Stewart Marshall is “Mr SaaS”

I’m a commercial software strategist, coach, speaker, and the bestselling author of “Doing IT for Money – A business leader’s guide to improving profit per person

I’ve spent most of my 30+ years in ICT at the sharp end of software research and development and digital transformation, creating, designing and building rapid development tools and solutions used by Governments and thousands of businesses around the world, including Proctor and Gamble, Kawasaki, Kellogg’s and many leading banks.

Life and Passion

For me, technology was a calling: it found me, and almost by accident. And when I first learned to make a computer do my bidding, I realised that I’d found my niche. But from the very beginning I thought it all unnecessarily complicated, telling a classmate that one day I’d create a programming language that would be much simpler. And so it was that some twenty or so years later I led the development of the ground-breaking and internationally recognised rapid development tool, Visual LANSA, a product with the tag line ‘Advanced software made simple’.

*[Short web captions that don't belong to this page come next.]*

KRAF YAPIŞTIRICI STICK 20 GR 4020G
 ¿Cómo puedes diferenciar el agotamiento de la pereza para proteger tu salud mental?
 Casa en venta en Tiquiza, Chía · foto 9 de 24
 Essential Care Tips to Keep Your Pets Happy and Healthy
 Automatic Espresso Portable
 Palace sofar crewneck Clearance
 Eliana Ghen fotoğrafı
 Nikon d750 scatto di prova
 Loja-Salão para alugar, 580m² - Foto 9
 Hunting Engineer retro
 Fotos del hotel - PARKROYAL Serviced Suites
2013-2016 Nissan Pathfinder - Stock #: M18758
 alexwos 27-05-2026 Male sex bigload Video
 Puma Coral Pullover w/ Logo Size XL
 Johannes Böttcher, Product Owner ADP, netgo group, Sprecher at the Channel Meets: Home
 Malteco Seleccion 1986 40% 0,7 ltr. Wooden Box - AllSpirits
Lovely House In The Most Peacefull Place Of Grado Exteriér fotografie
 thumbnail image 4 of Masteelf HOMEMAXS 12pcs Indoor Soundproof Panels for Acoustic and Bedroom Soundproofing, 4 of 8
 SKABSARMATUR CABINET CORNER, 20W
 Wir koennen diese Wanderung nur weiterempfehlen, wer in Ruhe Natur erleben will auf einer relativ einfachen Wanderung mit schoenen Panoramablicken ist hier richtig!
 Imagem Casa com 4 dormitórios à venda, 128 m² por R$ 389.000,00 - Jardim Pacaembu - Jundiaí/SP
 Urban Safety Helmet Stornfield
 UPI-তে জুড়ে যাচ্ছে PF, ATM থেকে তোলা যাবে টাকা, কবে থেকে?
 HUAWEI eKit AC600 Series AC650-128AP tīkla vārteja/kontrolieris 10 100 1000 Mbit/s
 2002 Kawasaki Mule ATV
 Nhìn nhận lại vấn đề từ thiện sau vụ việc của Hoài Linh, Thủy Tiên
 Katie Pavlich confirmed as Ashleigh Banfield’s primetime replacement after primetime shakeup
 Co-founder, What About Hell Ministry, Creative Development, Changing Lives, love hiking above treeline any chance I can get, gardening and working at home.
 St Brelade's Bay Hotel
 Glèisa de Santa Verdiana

Today, I continue in the same vein, sharing my lifetime of front line experience in digital leadership with entrepreneurs and SaaS (Software as a Service) business leaders to help them cut through, complexity, confusion and chaos of the staggeringly immense world of modern technology.

Mission

My mission is simple. I want to help business and software leaders create exceptional digital futures.

But it’s not my career, knowledge and experience that enables me to do this. Neither is it my innate desire to educate, nor my love of sharing my passion for software. No, it’s the one skill I cherish above all others.

It’s my superpower.

I am a Gibberish Translator.

I’m one of a rare breed of technologists able to turn technical twaddle into easy English, gibberish and jargon into the meaningful and mainstream, and complexity and confusion into the orderly and the obvious.

I can do this because I understand that to be effective, technology demands human-centricity. It’s an exercise in empathy and insight; the essence of order and civilisation; a very human endeavour; and one undertaken to improve the lives of all those who use it.

As I say, “If you’re looking at the technology, you’re missing the point.”

I am an IT guy who speaks your language.